At 5 minutes past the hour, between 09:00 PM and 11:59 PM, only on Friday
At 5 minutes past the hour, between 12:00 AM and 05:59 AM, only on Saturday
windowed_event_scrape
Scrape events with a window of 0.05 at 0, 15, 30, and 45 minutes past the hour. This generally takes somewhere between a few seconds and a few minutes, depending on the volume of updates.
At 0, 15, 30, and 45 minutes past the hour, Sunday through Thursday
At 0, 15, 30, and 45 minutes past the hour, between 12:00 AM and 08:59 PM, only on Friday
At 0, 15, 30, and 45 minutes past the hour, between 06:00 AM and 11:59 PM, only on Saturday
fast_windowed_event_scrape
Scrape events with a window of 1 at 35 and 50 minutes past the hour. This generally takes somewhere between a few seconds and a few minutes, depending on the volume of updates.
At 30 and 45 minutes past the hour, between 09:00 PM and 11:59 PM, only on Friday
At 30 and 45 minutes past the hour, between 12:00 AM and 05:59 AM, only on Saturday
fast_full_event_scrape
Scrape all events quickly on the hour. This generally takes less than 30 minutes.
Between 09:00 PM and 11:59 PM, only on Friday
Between 12:00 AM and 05:59 AM, only on Saturday
person_scrape
Scrape all people and committees. Run in lieu of full scrape on Fridays, when all bills and events are scraped once an hour.

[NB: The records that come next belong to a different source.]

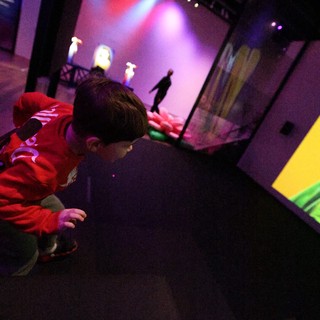 Child in Red Hoodie at Baby Rave Event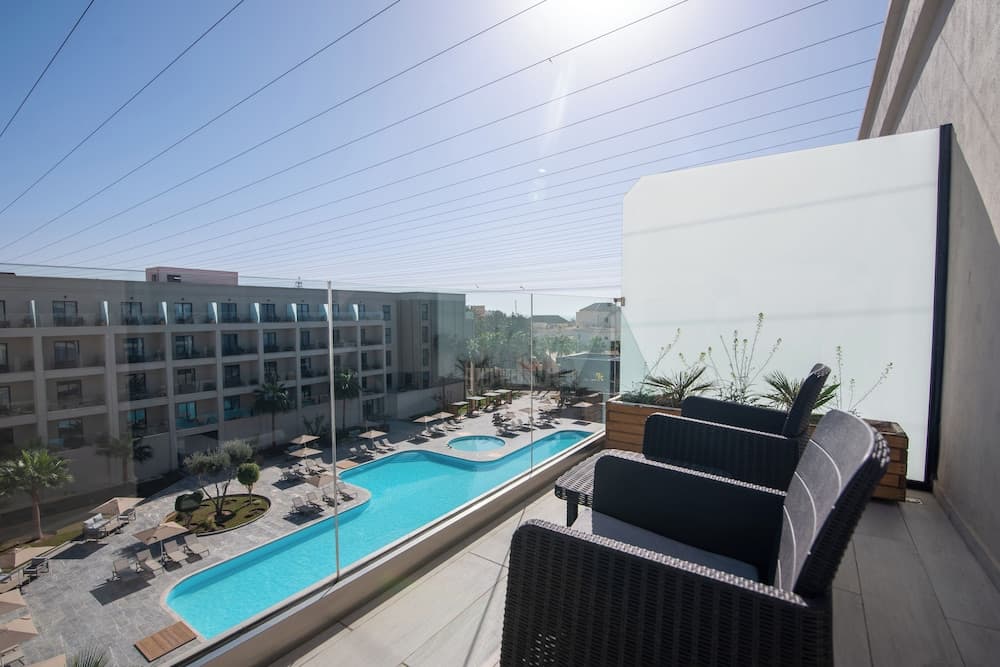 A serene hotel balcony overlooks a vibrant blue pool surrounded by lounge chairs and palm trees under a clear sky, ideal for travelers seeking relaxation and leisure.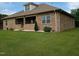 Brick home with a covered patio and well maintained lawn with white gravel at 243 Nortwick Rd, Rolesville, NC 27571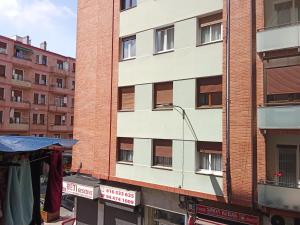 a tall brick building with windows on the side of it at Habitación in Bilbao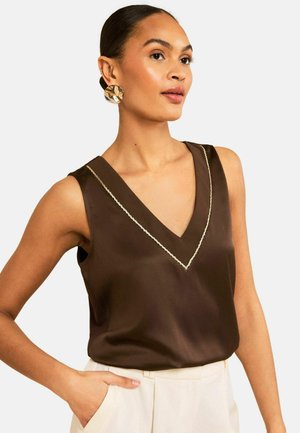 Mujer con blusa marrón sin mangas y escote en V con costuras claras, grandes pendientes dorados y pantalones blancos, con la mano en el bolsillo, mirando hacia la derecha.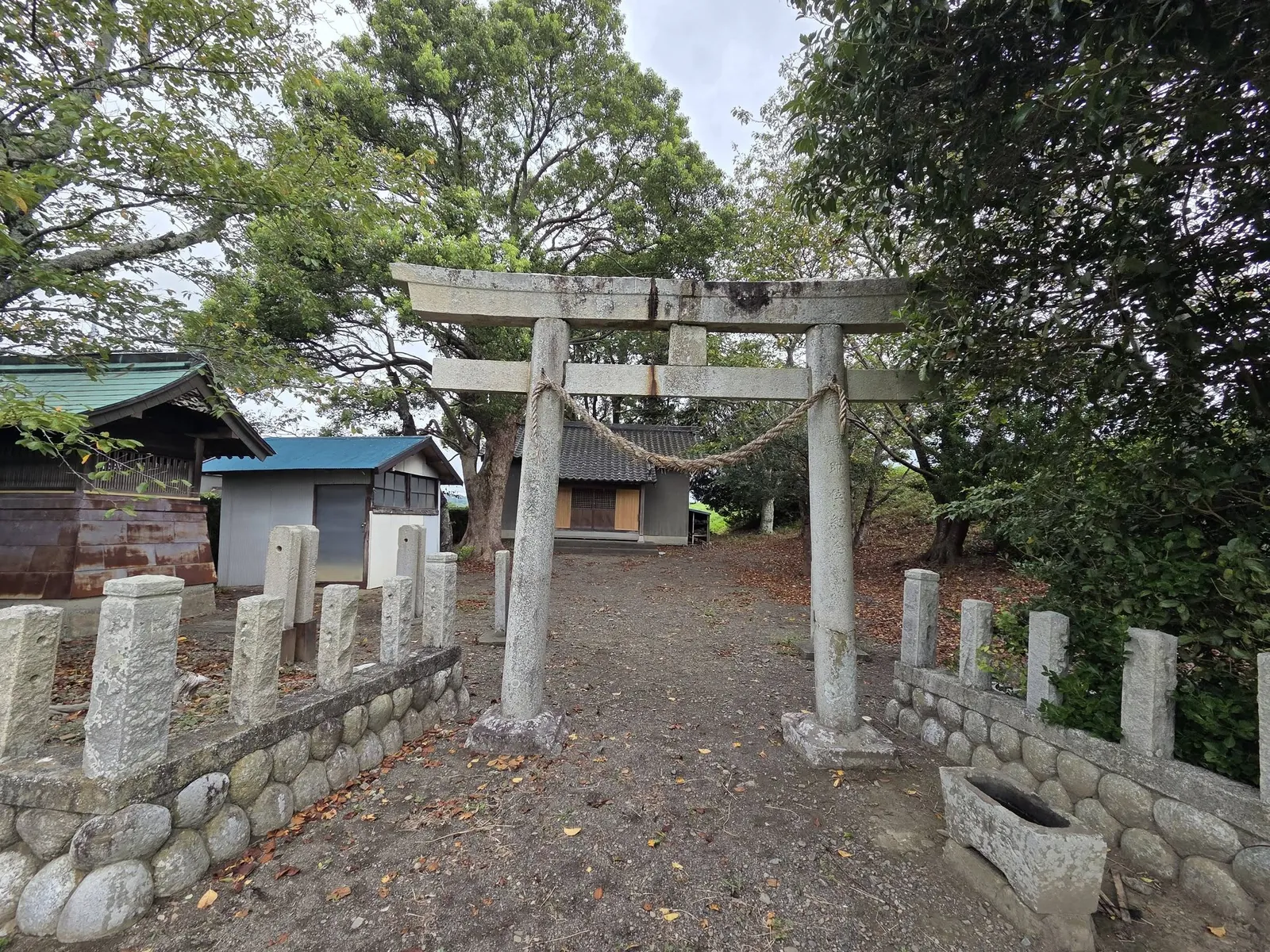 境内入口の石造鳥居。参道の先に社殿が見え、両側に石製の玉垣を巡らす。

- At 03:05 AM, only on Saturday
What do they depend on?
The scrapers have a couple of key dependencies.
pupa
is the framework for scraping and organizing data according to the Open Civic Data standard. Our scrapers are subclasses ofpupa.Scraper
, and we use thepupa
CLI to run scrapes.- See Useful pupa commands for more on the CLI.
python-legistar-scraper
is a Python wrapper for InSite and the Legistar API that we use to retrieve data. Our scrapers are also subclasses of the relevantLegistarScraper
subclasses from this library.